Home Sweet Home – Kiran Bhushi’s Terrace, Khel Gaon

Home Sweet Home - Kiran Bhushi's Terrace, Khel Gaon

Season’s space.

[Text and photos by Mayank Austen Soofi]

There are many beautiful terraces in Delhi, but this one might be the most beautiful of all—at least at this time of the year. When semal trees are still in bloom, and that their red flowers set alight every surface they fall upon.

Kiran Bhushi’s second floor apartment lies right under the branches of a gigantic semal, in south Delhi’s Khel Gaon. And this evening the terrace is covered with semal’s pulpy flowers, dropping one after another.

“The other day one fell on my friend’s wrist, and she said it hurts,” mutters Ms Bhushi. Wearing a peach-coloured tussar silk sari, she has just returned from work. A sociology professor, she reigns alone in this house. Almost alone, one must say. For her apartment is unofficially shared by Maharani, a neighbourhood cat who often chooses to lounge for long hours in Ms Bhushi’s apartment. Right now the cat is helping herself to her meal bowl in the terrace corner. It is impossible to read Maharani’s mind, but her behaviour suggests that she doesn’t care much for all the semals scattered about her.

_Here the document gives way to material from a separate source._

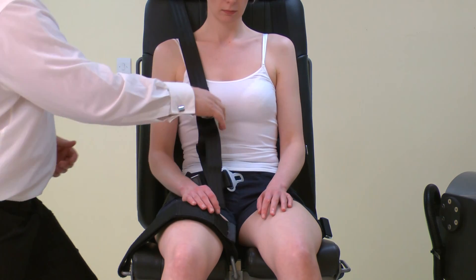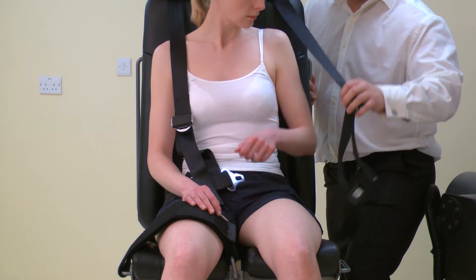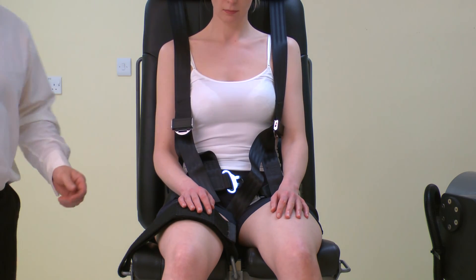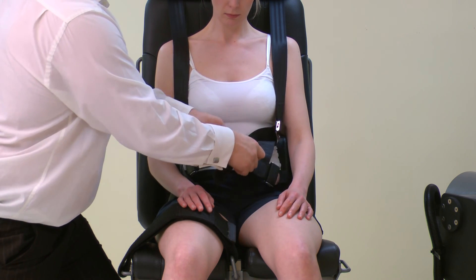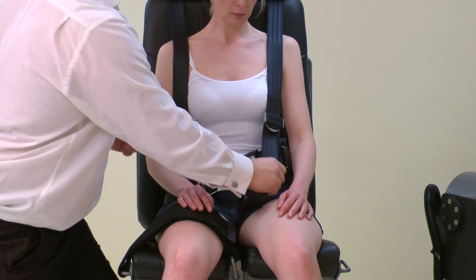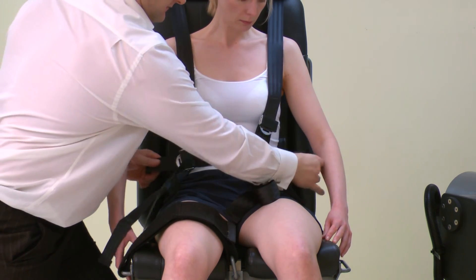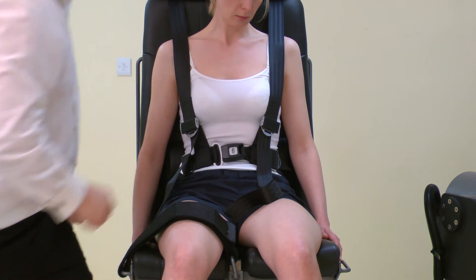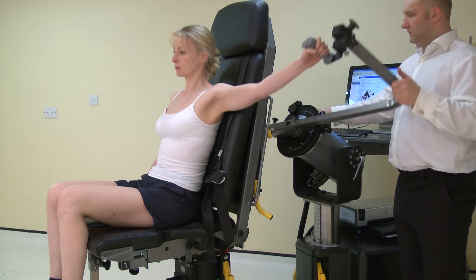Finally, attach the shoulder straps if required. To use the chest straps, first place both arms through the loops, then clip the straps together using the clasp. Tighten the upper straps until the waist sections are above belt level. Now tighten the waist straps, keeping the clasp centrally on the waist. The test is ready to begin.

Ms Bhushi remarks that Rajrani, her part-time housekeeper, isn’t exactly fond of semal either. Her reasons are more practical, since she is in charge of cleaning the terrace. Besides, the flowers are slippery and you can fall and break a bone, warns Ms Bhushi. And the tree sheds a tad too many leaves.

The professor now sits down on one of the three iron chairs arranged around an iron table—all littered with the fallen semals. Maharani too settles nearby. The chairs are green, and remarkably similar to the green metallic chairs of the famous Luxembourg Gardens in Paris, which are actually so iconic that their exact replicas are sold on Amazon. Ms Bhushi has indeed extensively travelled in France, but the fact that her chairs are similar to those of a Paris garden is completely unintentional. “I picked them from a footpath stall in Saket, and painted them pea-green during the lockdown.”

As the semals continue to fall about her, one naturally wonders if the terrace will still be beautiful once their season ends.

It will then have beauty of another kind, Ms Bhushi says. The terrace will have more colours—the yellow of the sunflowers, the saffron shade of nasturtiums, the pink of the bougainvillaeas and the white of petunias. “Most white flowers come out in summer, and bloom at night, and then my terrace will be full of perfumes. I will sit down here in the darkness and watch moths sitting on these flowers… Jasmines will be blooming soon, too. Champas will also come.”

And these semals will then not be missed.